The solvation structure of Ca-ion speciation in the IL electrolytes was further identified by single-crystal X-ray diffraction. Colourless, transparent crystals were obtained from oversaturated solutions of Ca(TFSI)₂ in Pyr₁₂₀₁TFSI and N₀₁TFSI. The [Pyr₁₂₀₁]₂[Ca(TFSI)₄] compound crystallizes in the monoclinic space group P2₁/c. Its crystal packing diagram is shown in Fig. 3. The Ca²⁺ ion is coordinated in a distorted square antiprism geometry by eight oxygen atoms of four different TFSI⁻ anions and the isolated square antiprismatic [Ca(TFSI)₄]²⁻ complexes are separated by two Pyr₁₂₀₁⁺ cations to compensate the charge.

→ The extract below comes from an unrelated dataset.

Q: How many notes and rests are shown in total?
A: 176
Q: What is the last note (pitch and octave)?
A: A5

All TFSI⁻ ligands show a cisoid conformation and are coordinated in a bidentate geometry via one oxygen atom from each SO₂ group. The crystal structure of [Pyr₁₂₀₁]₂[Ca(TFSI)₄] is similar to that previously reported for the [Pyr₁₄]₂[Ca(TFSI)₄] compound,²⁷ which is the only other reported crystal structure containing Ca(TFSI)₂ to the best of our knowledge. Substitution of the alkyl-functionalized pyrrolidinium cation with the alkoxy-functionalized ammonium cation has been shown to reduce the lattice energy and suppress crystallization of the IL solution. Correspondingly, the crystals obtained from N₀₁TFSI electrolyte are more fragile than those from [Pyr₁₂₀₁]₂[Ca(TFSI)₄], which makes it impossible to obtain a meaningful XRD analysis.

Fig. 3 Projection of the crystal structure of [Pyr₁₂₀₁]₂[Ca(TFSI)₄] along the crystallographic (a) b- and (b) a-axes.

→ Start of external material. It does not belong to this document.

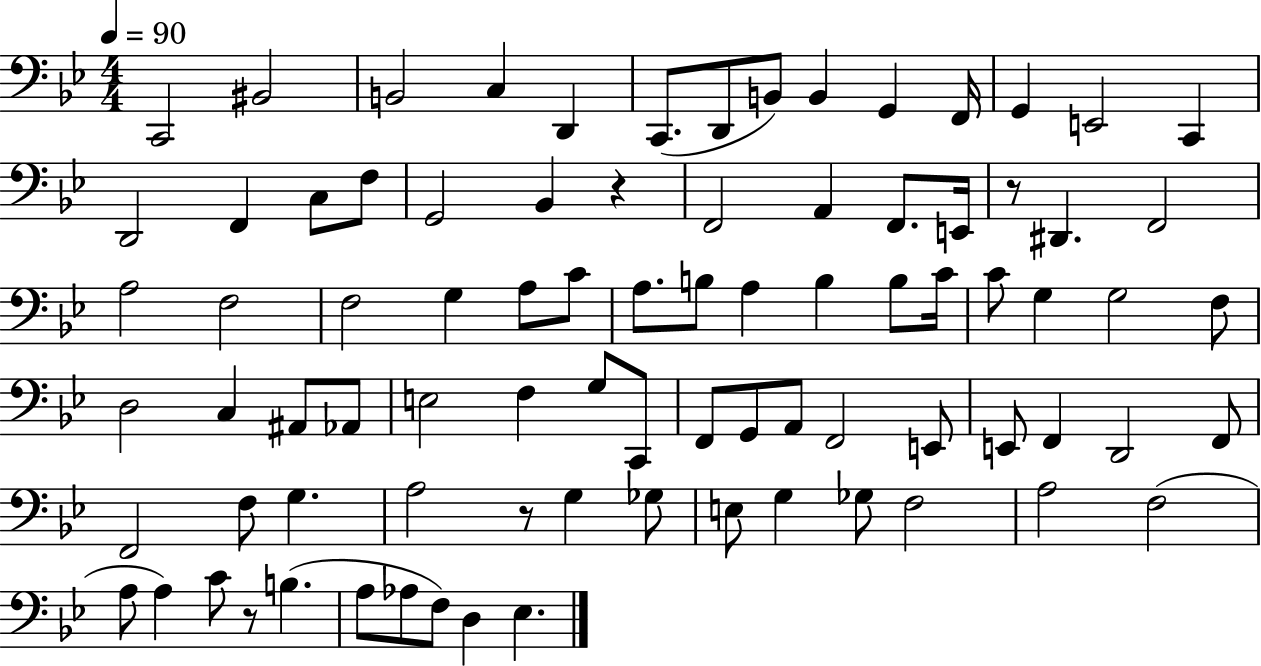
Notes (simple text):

C2/h BIS2/h B2/h C3/q D2/q C2/e. D2/e B2/e B2/q G2/q F2/s G2/q E2/h C2/q D2/h F2/q C3/e F3/e G2/h Bb2/q R/q F2/h A2/q F2/e. E2/s R/e D#2/q. F2/h A3/h F3/h F3/h G3/q A3/e C4/e A3/e. B3/e A3/q B3/q B3/e C4/s C4/e G3/q G3/h F3/e D3/h C3/q A#2/e Ab2/e E3/h F3/q G3/e C2/e F2/e G2/e A2/e F2/h E2/e E2/e F2/q D2/h F2/e F2/h F3/e G3/q. A3/h R/e G3/q Gb3/e E3/e G3/q Gb3/e F3/h A3/h F3/h A3/e A3/q C4/e R/e B3/q. A3/e Ab3/e F3/e D3/q Eb3/q.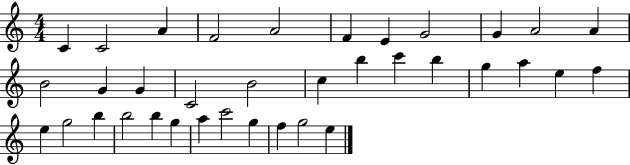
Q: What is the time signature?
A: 4/4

Previous studies about Mg have demonstrated that the nature of the Mg²⁺-ion species is one of the keys to successful Mg deposition/dissolution in IL media.²⁸ For IL-based electrolytes containing only TFSI⁻ anion, Mg ions are typically found as Mg(TFSI)₃⁻.^25,36 The electrochemical deposition and dissolution of Mg from this complex is not reversible since the TFSI⁻ anion is not stable towards reduction.³⁸ However, just displacing TFSI⁻ from the coordination sphere of Mg²⁺ is insufficient to achieve the reversible Mg²⁺/Mg electrochemistry.³² To ensure the removal of any residual impurities is vital as well, which prevents the formation of an ion-blocking SEI layer. For example, the Mg deposition/dissolution in electrolytes based on ILs and containing TFSI⁻ anion occurs only when Mg(TFSI)₂ is replaced with Grignard reagent or Mg(BH₄)₂, both of which can serve as scavengers of water traces.^22,32 Inspired by the Mg results, we also investigated Ca deposition/dissolution in the relatively reducing electrolyte solutions based on calcium borohydride dissolved in ILs. Unfortunately, due to the limited solubility of the Ca(BH₄)₂ in the ILs, we could not quantitatively investigate the coordination sphere of Ca-ion speciation in such electrolytes. However, the thermograms (Fig. S3, ESI†) and Raman spectra (Fig. S4, ESI†) of the Ca(BH₄)₂/IL electrolytes suggest that the solvation structure of Ca-ion speciation is similar to that of the Ca(TFSI)₂/IL electrolytes. Specifically, the TFSI⁻ anion is coordinated to the Ca²⁺ center in the case of Pyr₁₄TFSI, Pyr₁₂₀₁TFSI, and N₀₁TFSI electrolytes, but is displaced from the Ca²⁺ ion coordination sphere by polyether chains in the case of N₀₇TFSI electrolyte.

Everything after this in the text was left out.